- [DATASET EXCERPTS]:

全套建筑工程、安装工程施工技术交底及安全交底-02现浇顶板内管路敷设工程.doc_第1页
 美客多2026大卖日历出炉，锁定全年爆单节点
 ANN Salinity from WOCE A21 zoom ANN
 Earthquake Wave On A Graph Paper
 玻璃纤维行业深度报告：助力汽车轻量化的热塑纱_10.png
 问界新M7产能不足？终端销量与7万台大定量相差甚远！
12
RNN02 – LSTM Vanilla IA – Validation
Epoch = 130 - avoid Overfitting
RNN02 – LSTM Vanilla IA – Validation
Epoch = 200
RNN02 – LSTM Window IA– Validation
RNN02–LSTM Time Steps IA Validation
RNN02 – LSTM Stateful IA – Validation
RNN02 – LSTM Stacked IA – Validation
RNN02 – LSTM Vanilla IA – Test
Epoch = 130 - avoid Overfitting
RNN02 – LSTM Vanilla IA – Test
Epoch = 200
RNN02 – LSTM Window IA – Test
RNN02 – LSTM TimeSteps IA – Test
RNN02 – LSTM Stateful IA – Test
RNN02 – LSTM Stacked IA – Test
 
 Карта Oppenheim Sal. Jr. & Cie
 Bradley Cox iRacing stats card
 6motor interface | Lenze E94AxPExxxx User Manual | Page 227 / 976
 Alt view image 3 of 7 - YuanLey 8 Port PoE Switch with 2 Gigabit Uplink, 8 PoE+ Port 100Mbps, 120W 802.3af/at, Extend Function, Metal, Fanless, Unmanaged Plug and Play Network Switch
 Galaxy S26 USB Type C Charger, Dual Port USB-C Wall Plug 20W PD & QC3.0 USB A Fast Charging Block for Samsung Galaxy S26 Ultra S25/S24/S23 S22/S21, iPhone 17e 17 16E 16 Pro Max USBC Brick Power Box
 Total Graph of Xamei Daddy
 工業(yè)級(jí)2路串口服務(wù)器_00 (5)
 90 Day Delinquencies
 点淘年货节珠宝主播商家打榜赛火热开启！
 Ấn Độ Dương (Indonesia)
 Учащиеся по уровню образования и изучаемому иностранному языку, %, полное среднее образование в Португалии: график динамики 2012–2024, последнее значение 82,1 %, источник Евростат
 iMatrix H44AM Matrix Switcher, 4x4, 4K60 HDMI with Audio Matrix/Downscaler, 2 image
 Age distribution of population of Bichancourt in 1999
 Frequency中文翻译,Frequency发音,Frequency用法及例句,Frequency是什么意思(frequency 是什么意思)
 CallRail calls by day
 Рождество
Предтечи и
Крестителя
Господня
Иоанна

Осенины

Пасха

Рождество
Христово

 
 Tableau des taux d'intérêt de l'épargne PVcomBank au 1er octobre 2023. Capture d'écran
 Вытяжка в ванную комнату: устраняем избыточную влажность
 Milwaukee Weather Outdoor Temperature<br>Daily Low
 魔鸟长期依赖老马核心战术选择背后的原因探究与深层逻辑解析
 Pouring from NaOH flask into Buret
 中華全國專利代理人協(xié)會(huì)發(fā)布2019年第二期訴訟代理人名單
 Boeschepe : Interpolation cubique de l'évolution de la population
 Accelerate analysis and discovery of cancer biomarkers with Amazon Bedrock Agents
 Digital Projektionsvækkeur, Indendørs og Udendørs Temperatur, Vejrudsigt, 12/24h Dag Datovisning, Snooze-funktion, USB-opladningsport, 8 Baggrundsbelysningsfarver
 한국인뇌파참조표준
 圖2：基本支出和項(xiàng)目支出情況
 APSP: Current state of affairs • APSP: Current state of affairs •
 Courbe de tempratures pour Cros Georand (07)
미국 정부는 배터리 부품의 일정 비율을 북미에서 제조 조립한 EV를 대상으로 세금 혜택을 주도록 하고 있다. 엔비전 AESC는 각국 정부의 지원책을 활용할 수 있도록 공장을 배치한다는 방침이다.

- [DIRECTIONS]:
What you should produce is an exact copy of the records above.

- [TASK ANSWER]:
全套建筑工程、安装工程施工技术交底及安全交底-02现浇顶板内管路敷设工程.doc_第1页
 美客多2026大卖日历出炉，锁定全年爆单节点
 ANN Salinity from WOCE A21 zoom ANN
 Earthquake Wave On A Graph Paper
 玻璃纤维行业深度报告：助力汽车轻量化的热塑纱_10.png
 问界新M7产能不足？终端销量与7万台大定量相差甚远！
12
RNN02 – LSTM Vanilla IA – Validation
Epoch = 130 - avoid Overfitting
RNN02 – LSTM Vanilla IA – Validation
Epoch = 200
RNN02 – LSTM Window IA– Validation
RNN02–LSTM Time Steps IA Validation
RNN02 – LSTM Stateful IA – Validation
RNN02 – LSTM Stacked IA – Validation
RNN02 – LSTM Vanilla IA – Test
Epoch = 130 - avoid Overfitting
RNN02 – LSTM Vanilla IA – Test
Epoch = 200
RNN02 – LSTM Window IA – Test
RNN02 – LSTM TimeSteps IA – Test
RNN02 – LSTM Stateful IA – Test
RNN02 – LSTM Stacked IA – Test
 
 Карта Oppenheim Sal. Jr. & Cie
 Bradley Cox iRacing stats card
 6motor interface | Lenze E94AxPExxxx User Manual | Page 227 / 976
 Alt view image 3 of 7 - YuanLey 8 Port PoE Switch with 2 Gigabit Uplink, 8 PoE+ Port 100Mbps, 120W 802.3af/at, Extend Function, Metal, Fanless, Unmanaged Plug and Play Network Switch
 Galaxy S26 USB Type C Charger, Dual Port USB-C Wall Plug 20W PD & QC3.0 USB A Fast Charging Block for Samsung Galaxy S26 Ultra S25/S24/S23 S22/S21, iPhone 17e 17 16E 16 Pro Max USBC Brick Power Box
 Total Graph of Xamei Daddy
 工業(yè)級(jí)2路串口服務(wù)器_00 (5)
 90 Day Delinquencies
 点淘年货节珠宝主播商家打榜赛火热开启！
 Ấn Độ Dương (Indonesia)
 Учащиеся по уровню образования и изучаемому иностранному языку, %, полное среднее образование в Португалии: график динамики 2012–2024, последнее значение 82,1 %, источник Евростат
 iMatrix H44AM Matrix Switcher, 4x4, 4K60 HDMI with Audio Matrix/Downscaler, 2 image
 Age distribution of population of Bichancourt in 1999
 Frequency中文翻译,Frequency发音,Frequency用法及例句,Frequency是什么意思(frequency 是什么意思)
 CallRail calls by day
 Рождество
Предтечи и
Крестителя
Господня
Иоанна

Осенины

Пасха

Рождество
Христово

 
 Tableau des taux d'intérêt de l'épargne PVcomBank au 1er octobre 2023. Capture d'écran
 Вытяжка в ванную комнату: устраняем избыточную влажность
 Milwaukee Weather Outdoor Temperature<br>Daily Low
 魔鸟长期依赖老马核心战术选择背后的原因探究与深层逻辑解析
 Pouring from NaOH flask into Buret
 中華全國專利代理人協(xié)會(huì)發(fā)布2019年第二期訴訟代理人名單
 Boeschepe : Interpolation cubique de l'évolution de la population
 Accelerate analysis and discovery of cancer biomarkers with Amazon Bedrock Agents
 Digital Projektionsvækkeur, Indendørs og Udendørs Temperatur, Vejrudsigt, 12/24h Dag Datovisning, Snooze-funktion, USB-opladningsport, 8 Baggrundsbelysningsfarver
 한국인뇌파참조표준
 圖2：基本支出和項(xiàng)目支出情況
 APSP: Current state of affairs • APSP: Current state of affairs •
 Courbe de tempratures pour Cros Georand (07)
미국 정부는 배터리 부품의 일정 비율을 북미에서 제조 조립한 EV를 대상으로 세금 혜택을 주도록 하고 있다. 엔비전 AESC는 각국 정부의 지원책을 활용할 수 있도록 공장을 배치한다는 방침이다.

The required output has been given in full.